[Task] For this exercise, reproduce the entries below exactly, but only from the line containing "Coyote Full Zip Sweatshirt" through the line containing "popeia - Schal", both included.

[Records supplied]
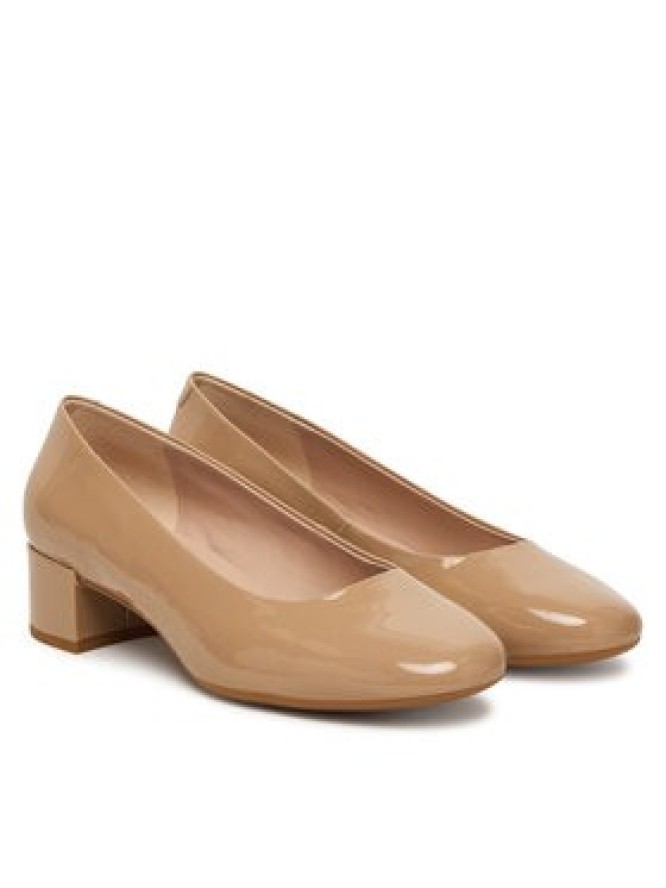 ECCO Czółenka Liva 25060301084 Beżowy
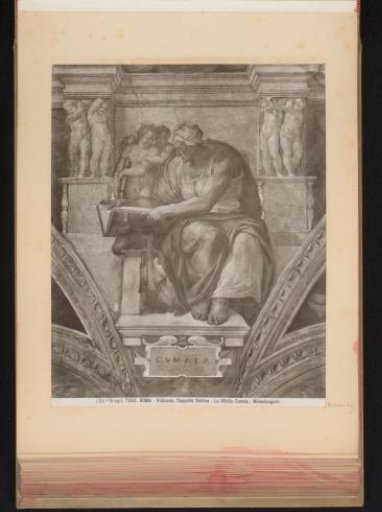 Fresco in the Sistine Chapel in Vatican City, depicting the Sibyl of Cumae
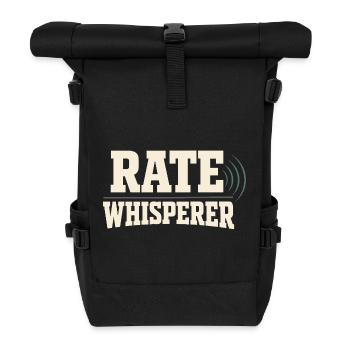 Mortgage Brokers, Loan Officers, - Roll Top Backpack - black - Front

--

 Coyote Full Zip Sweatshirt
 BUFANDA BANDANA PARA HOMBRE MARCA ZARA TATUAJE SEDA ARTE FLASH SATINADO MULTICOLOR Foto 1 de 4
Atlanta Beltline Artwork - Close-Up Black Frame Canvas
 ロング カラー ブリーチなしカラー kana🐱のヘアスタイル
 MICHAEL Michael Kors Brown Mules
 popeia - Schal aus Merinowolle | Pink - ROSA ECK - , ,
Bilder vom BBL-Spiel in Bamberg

[Response]
 Coyote Full Zip Sweatshirt
 BUFANDA BANDANA PARA HOMBRE MARCA ZARA TATUAJE SEDA ARTE FLASH SATINADO MULTICOLOR Foto 1 de 4
Atlanta Beltline Artwork - Close-Up Black Frame Canvas
 ロング カラー ブリーチなしカラー kana🐱のヘアスタイル
 MICHAEL Michael Kors Brown Mules
 popeia - Schal aus Merinowolle | Pink - ROSA ECK - , ,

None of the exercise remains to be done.